[Information supplied Boundary: Start]

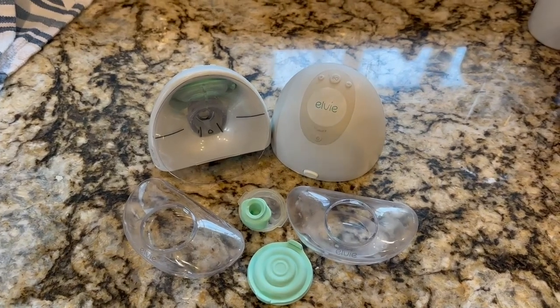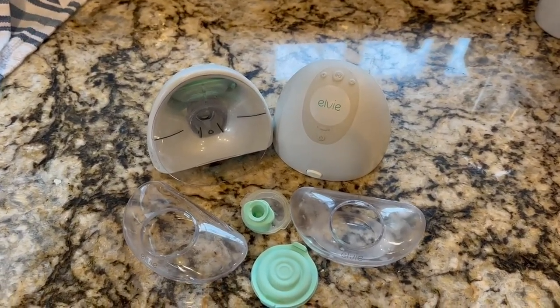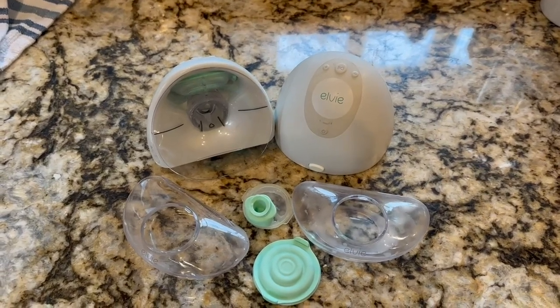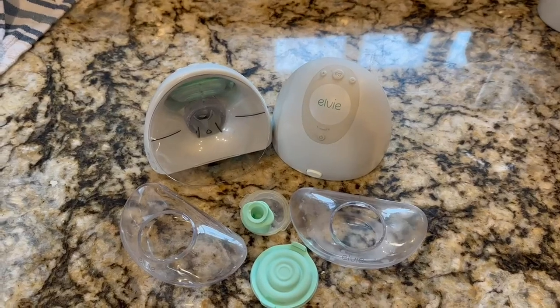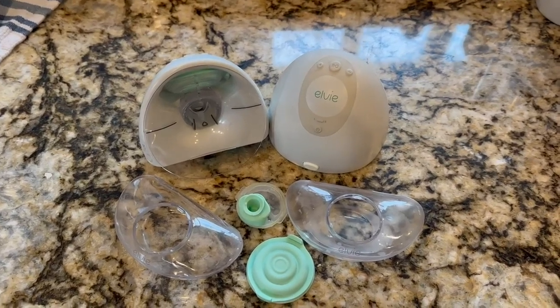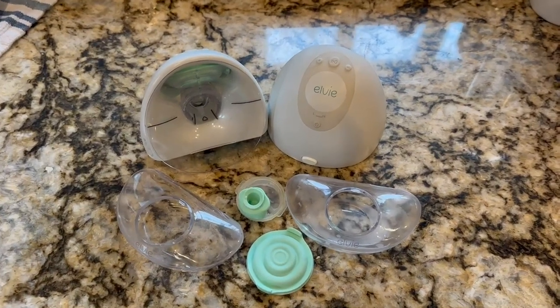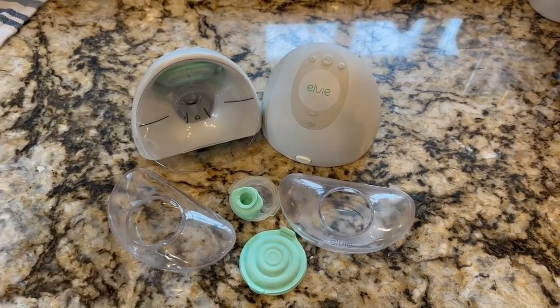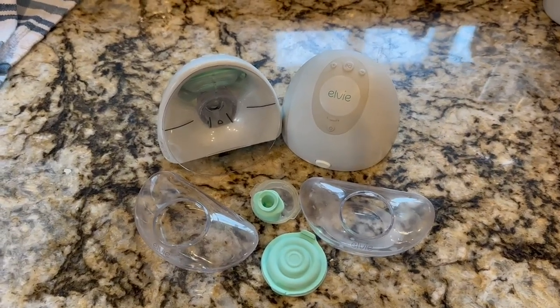Otherwise, the ease of using the breast pump is fabulous. There's even an app you can use to set it up so you don't even have to touch it while wearing it. I would recommend this breast pump for sure — just be prepared to rebuy a few things, and washing is a little bit of a challenge. But the fact that you can just wear this breast pump hands-free is a huge, awesome thing, especially as a busy mom.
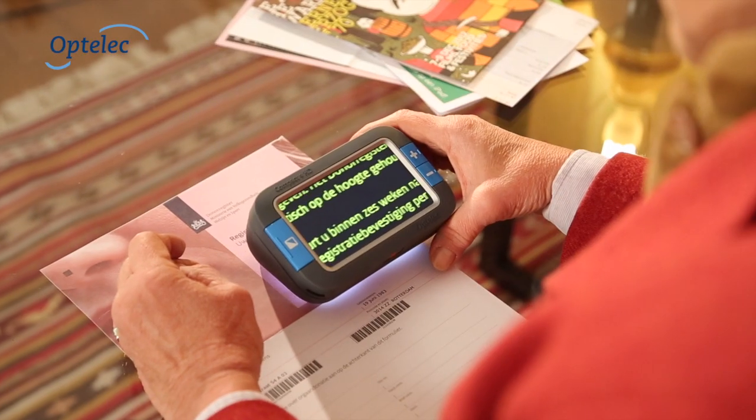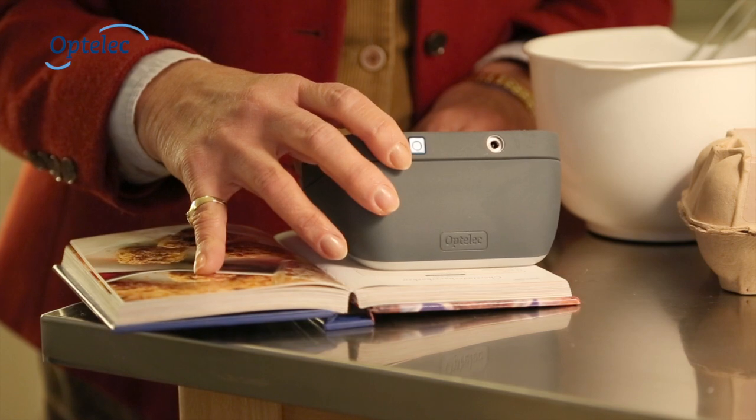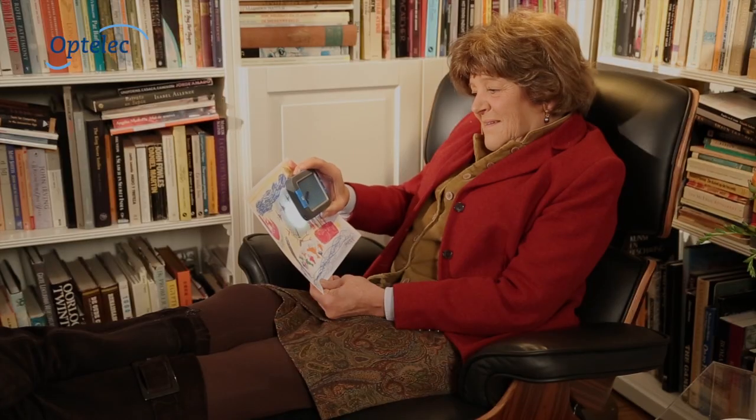The Compact 4HD can help you read your letters, review your prescriptions, and see your grandchildren's drawings.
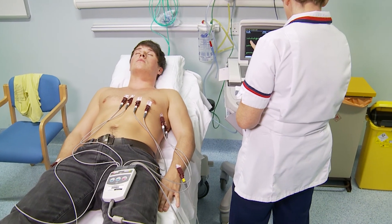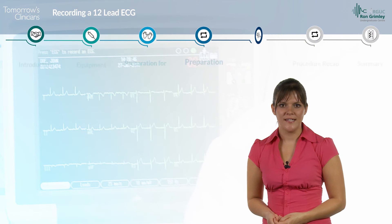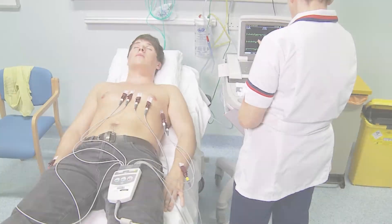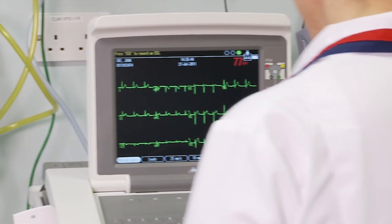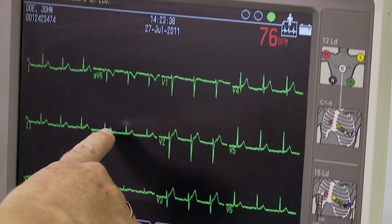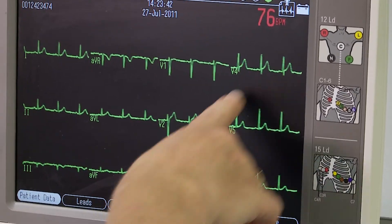At this point, if you have a female patient, you may wish to cover the chest to help maintain the patient's dignity while you proceed with the recording, ensuring not to disturb the lead attachments. Ask your patient to be completely relaxed and breathe normally. When you are ready to record, double check your settings and check the screen to make sure that all of the leads are connected and producing a satisfactory tracing.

[Information supplied Boundary: End]

_Goal of the exercise_
Repeat the material above word for word, please, apart from its images.

_Response to this exercise_
Otherwise, the ease of using the breast pump is fabulous. There's even an app you can use to set it up so you don't even have to touch it while wearing it. I would recommend this breast pump for sure — just be prepared to rebuy a few things, and washing is a little bit of a challenge. But the fact that you can just wear this breast pump hands-free is a huge, awesome thing, especially as a busy mom.
The Compact 4HD can help you read your letters, review your prescriptions, and see your grandchildren's drawings.
At this point, if you have a female patient, you may wish to cover the chest to help maintain the patient's dignity while you proceed with the recording, ensuring not to disturb the lead attachments. Ask your patient to be completely relaxed and breathe normally. When you are ready to record, double check your settings and check the screen to make sure that all of the leads are connected and producing a satisfactory tracing.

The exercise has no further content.